Frei and Morris share Four Service Truths few businesses understand, and still fewer execute effectively. This blog explores the first truth:
“You can’t be good at everything!”
Commerce Bank Example
Uncommon Service provides details on how Commerce Bank carved out a winning position by deciding very strategically where it would excel, understanding very clearly what that would mean for the rest of its service model.
Commerce Bank chose to attack the banking industry's proclivity to have limited hours and bad attitudes. Commerce’s attack lines, inconvenience, lack of customer appreciation were just as open to their competitors. Commerce targeted customers fed up with the service experience of a traditional retail bank. Commerce aimed to be best in hours, open seven days a week, (M-F 7:30 AM to 8 PM, Friday drive-throughs open until midnight, and full-service banking available on Saturdays and Sundays! Their tagline, America’s Most Convenient Bank.
Trade-Offs
This kind of convenience was an expensive proposition. Indeed, the expense of being open for extended hours was a primary reason the competition avoided it.
To design uncommon service, the biggest obstacle is the emotional unwillingness to embrace your weakness!
Choosing bad means deliberately letting people down, giving up a can-do, anything’s-possible attitude toward adversity. Choosing bad feels bad, especially in mission-driven industries such as health care or education. Managers feel compelled to at least try in all areas.
Choosing bad is your only shot at achieving greatness! Resisting it is a recipe for mediocrity!
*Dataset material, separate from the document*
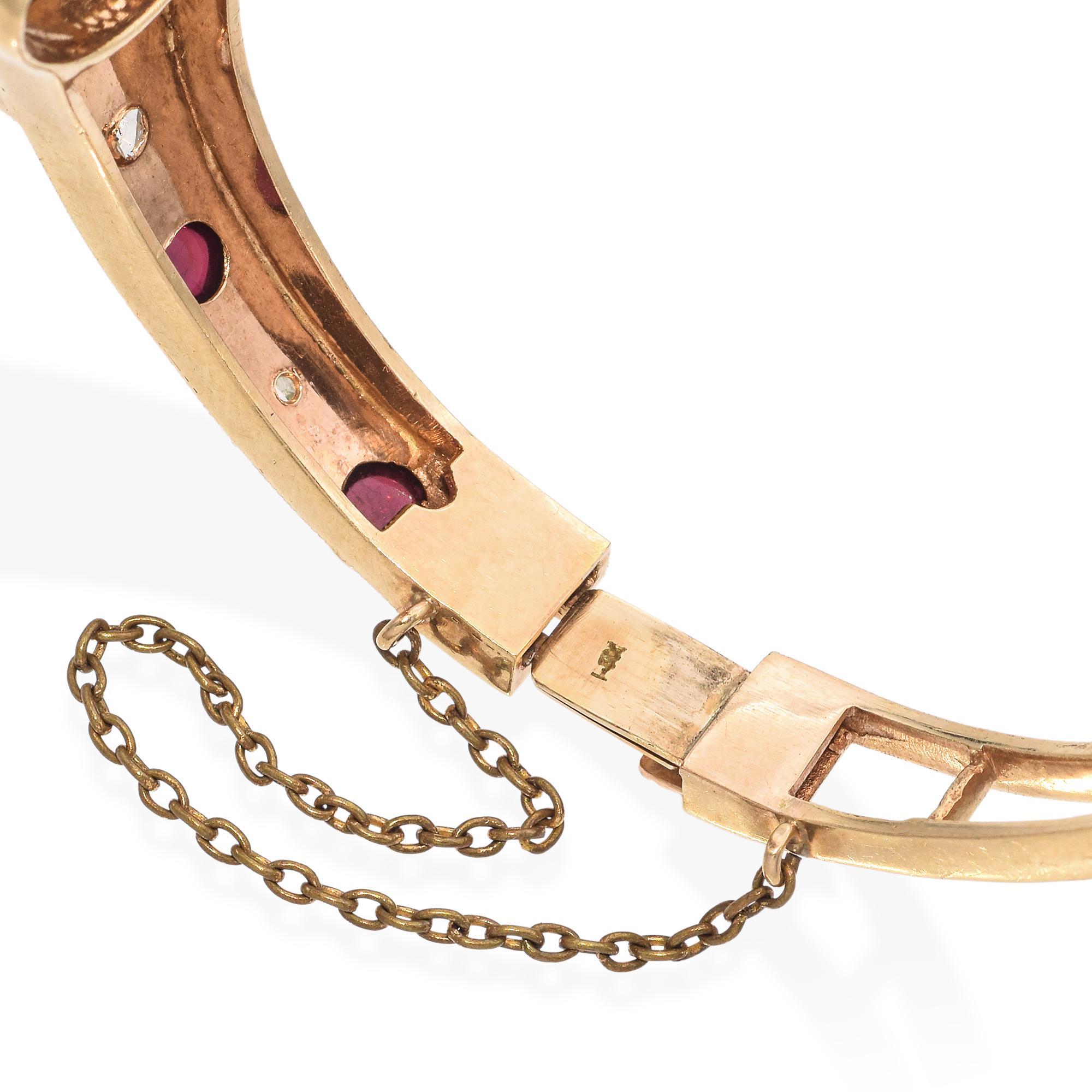 Victorian 14K Yellow Gold 16.03 TCW Garnet & Rose Cut Diamond Bangle Bracelet For Sale 2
It sounds simple, but the courage to choose low deposit rates and poor cross-sell performance seemed crazy alongside the desire to grow. These choices worked because being bad was not a missed opportunity, but rather was the fuel to create an exceptional service experience.
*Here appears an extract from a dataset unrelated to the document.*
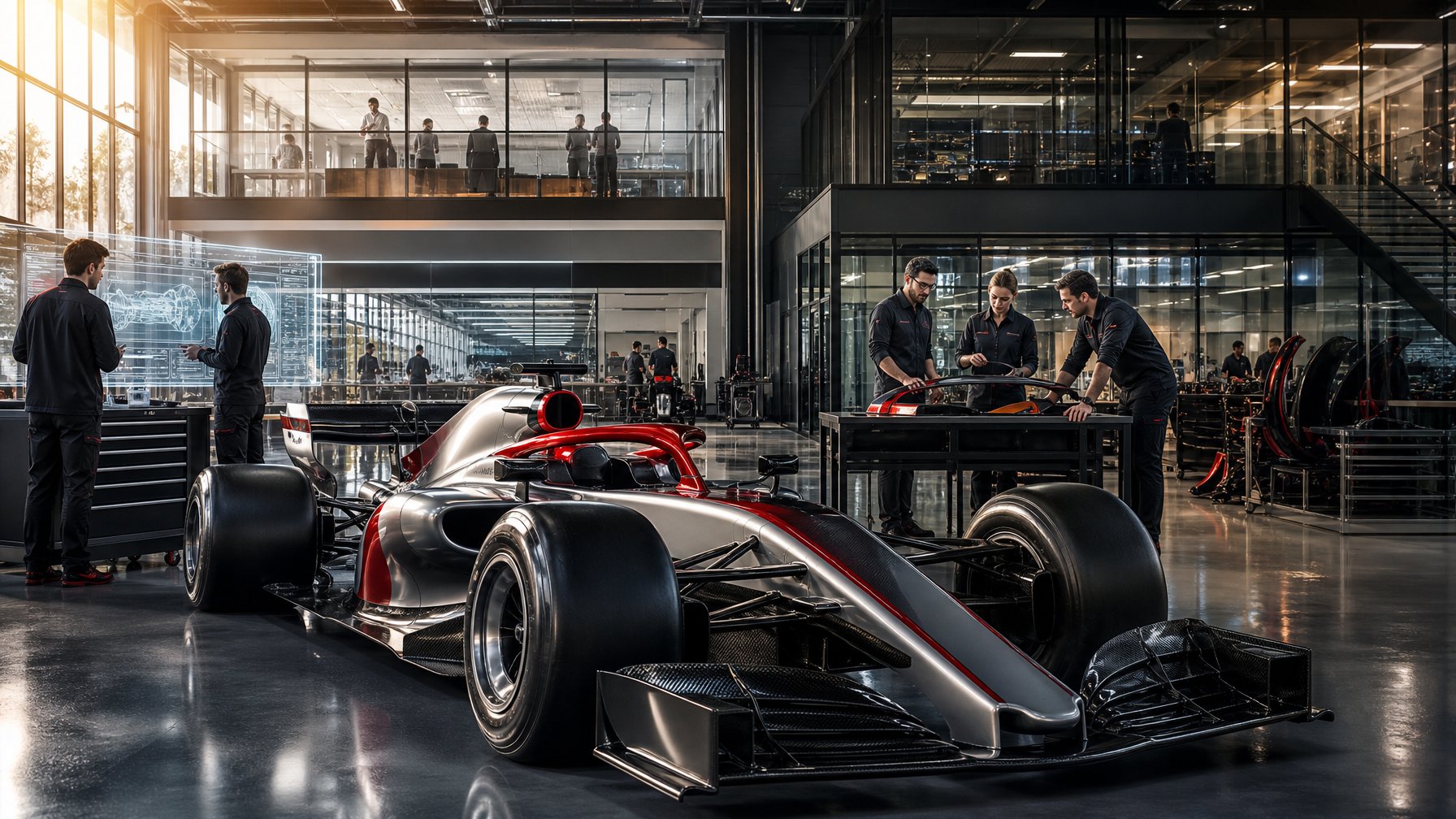 Tim teknik bekerja di fasilitas balap modern di sekitar mobil Formula 1 yang sedang dipersiapkan untuk musim baru.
Uncommon Service Key Principles
Here’s a summary from the chapter on Truth #1 You Can’t Be Good at Everything:
(1) meet your customers’ existing needs more effectively, or
(2) convince your customers that they need something you already do well.
The principles suggested here are the development stages of the Key Attribution Framework. It’s one of the major reasons I added Metronomics to my coaching resources. If you’re struggling to determine what should be your differentiators and are courageous enough to decide to be bad in the service of great, reach out to us for help.
To create an environment where everyone is inspired to give their best, contact Positioning Systems to schedule a free exploratory meeting.
Turn your team into a repeatable coaching and growth organization.
Growth demands Strategic Discipline.
Building an enduring great organization requires disciplined people, disciplined thought, disciplined action, superior results, producing a distinctive impact on the world.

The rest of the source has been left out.